▸ **The input**
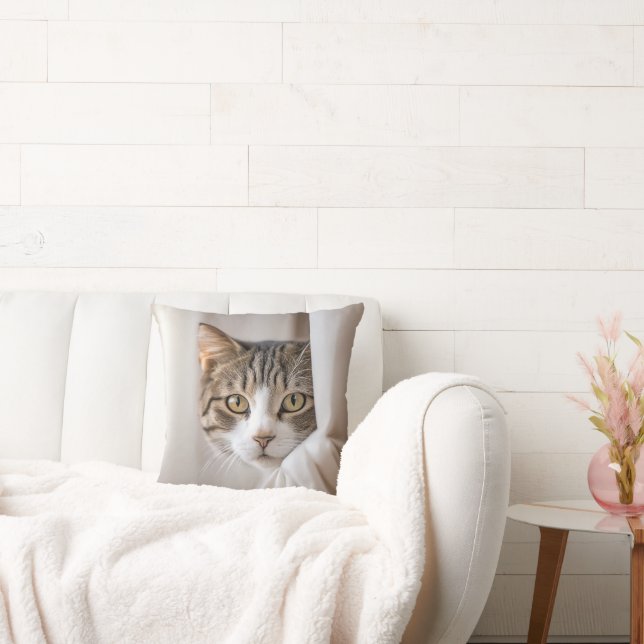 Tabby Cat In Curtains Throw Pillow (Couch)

--

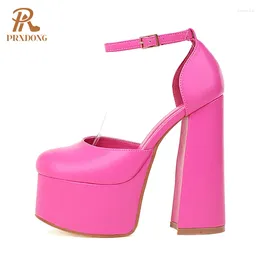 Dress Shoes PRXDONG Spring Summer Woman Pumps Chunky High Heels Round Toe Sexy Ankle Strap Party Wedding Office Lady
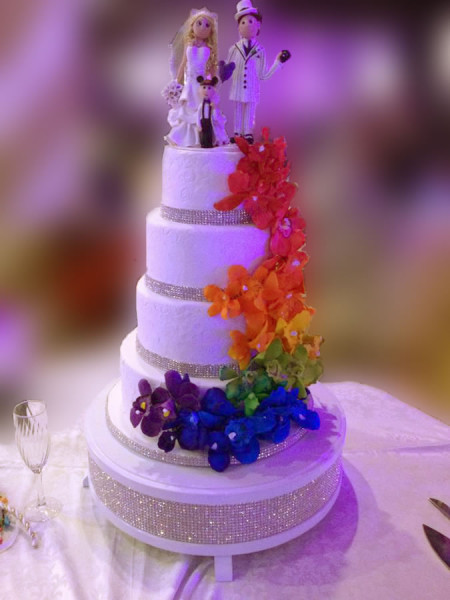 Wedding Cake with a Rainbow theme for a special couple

* * *

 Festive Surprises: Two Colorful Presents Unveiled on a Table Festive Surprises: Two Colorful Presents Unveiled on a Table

▸ **Brief**
Write out word for word the lines above that run from the one with "Dress Shoes PRXDONG" to the one with "Wedding Cake with". Include both end lines; exclude the images.

▸ **Expected output**
 Dress Shoes PRXDONG Spring Summer Woman Pumps Chunky High Heels Round Toe Sexy Ankle Strap Party Wedding Office Lady
 Wedding Cake with a Rainbow theme for a special couple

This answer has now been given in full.